Setting up a TEI Work Flow
The "work flow" for your TEI project is just the steps by which you transcribe, encode, and publish your TEI files. The work flow may change as your project matures (for instance, as you add staff or get help from collaborators) but it is worth thinking about what work needs doing, and in what order, before you get started. It's also a very good idea to document your work flow (and keep that documentation up to date as things change), since this documentation can serve as training materials for new staff members, and as a reminder of essential tasks.

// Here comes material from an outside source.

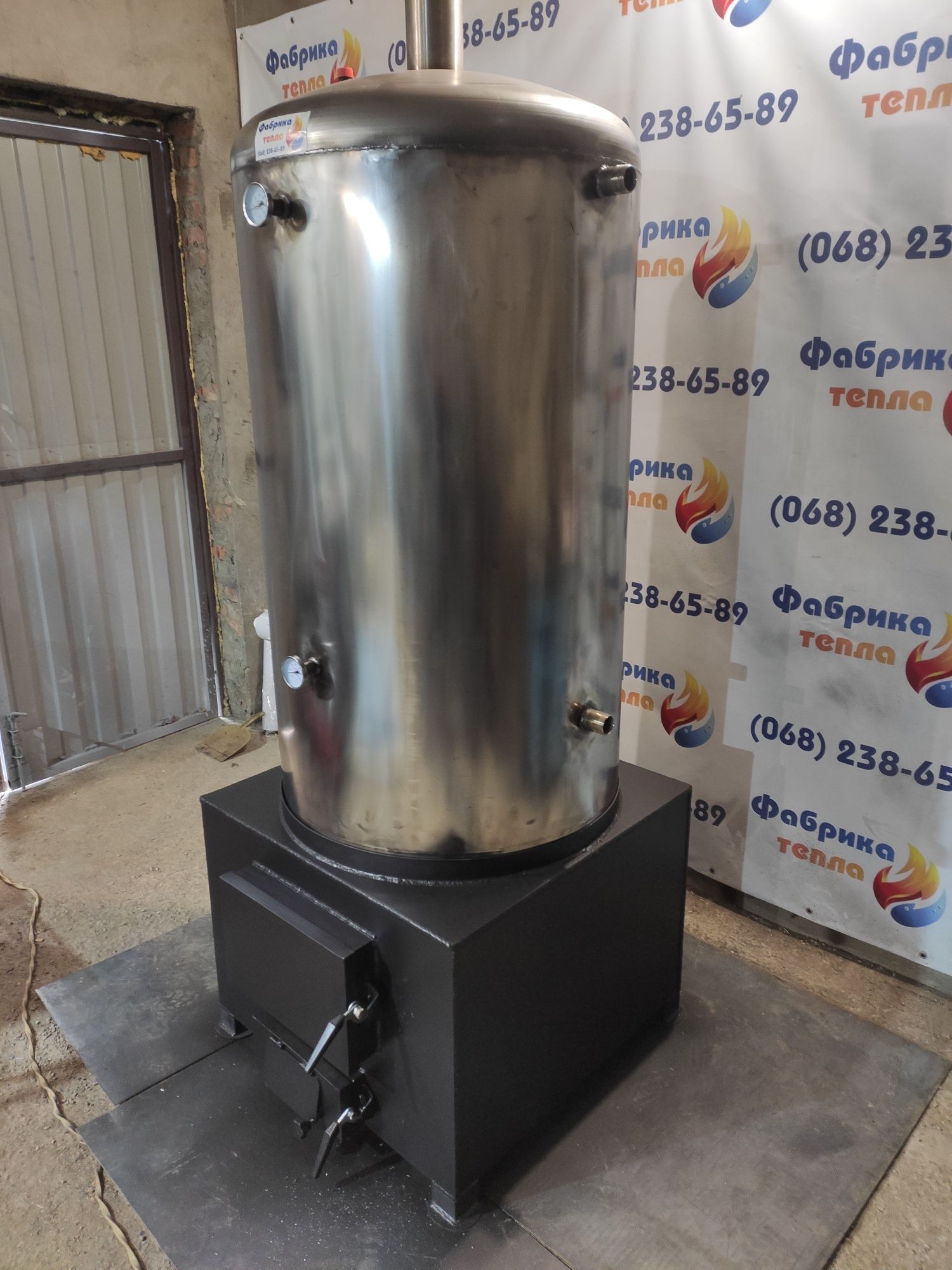 Титан на дровах•90-500L•Нержавейка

The essential steps in any TEI encoding work flow are:
- Transcription: The capture of the actual content of the documents being encoded, as text. Although this step is conceptually distinct from the encoding stage described next, in practice the two are very often combined. There are many features of early printed books and manuscripts which can best be captured in the encoding itself (for instance, shifts of font, deleted text, indentation) and it can be quite awkward to represent these without markup. However, for projects where the transcription has already been done, where the text is being taken from some pre-existing edition, or where the transcription is being done by collaborators who for any reason cannot use XML, separating these two steps may be necessary. If so, bear in mind that the more consistent the transcription is in its representation of features like formatting, deleted material, and so forth, the easier it will be to convert this information into XML. Under ideal circumstances, the conversion can be done automatically, so that's something to aim for. These considerations also apply if the text is being transcribed by a vendor, or if the text capture is being done through an automated OCR process.
- Encoding: In the encoding stage, the text becomes an XML file through the addition of explicit tags (for instance, TEI) that represent the document's structure and content. As noted above, this process is very often carried out while the text is being transcribed; an encoder will type the text into an XML editor and apply the appropriate encoding as he/she goes along. For some kinds of documents, there may be features that can be automatically encoded after the text has been fully transcribed (such as personal names or dates). During the encoding process the text is checked at intervals to make sure it is valid. The encoding of the document may be completed in a single pass, or or it may be structured as a staged process with an initial, very simple encoding to capture the essential textual features, followed later on by one or more encoding processes focused on capturing more details of content or structure. This sequence of tasks might also map onto levels of staff expertise, with more experienced encoders or subject specialists undertaking the later stages. A phased approach to encoding has the advantage that it produces a visible output sooner (helpful when producing a prototype) and lends itself to multiple rounds of grant funding.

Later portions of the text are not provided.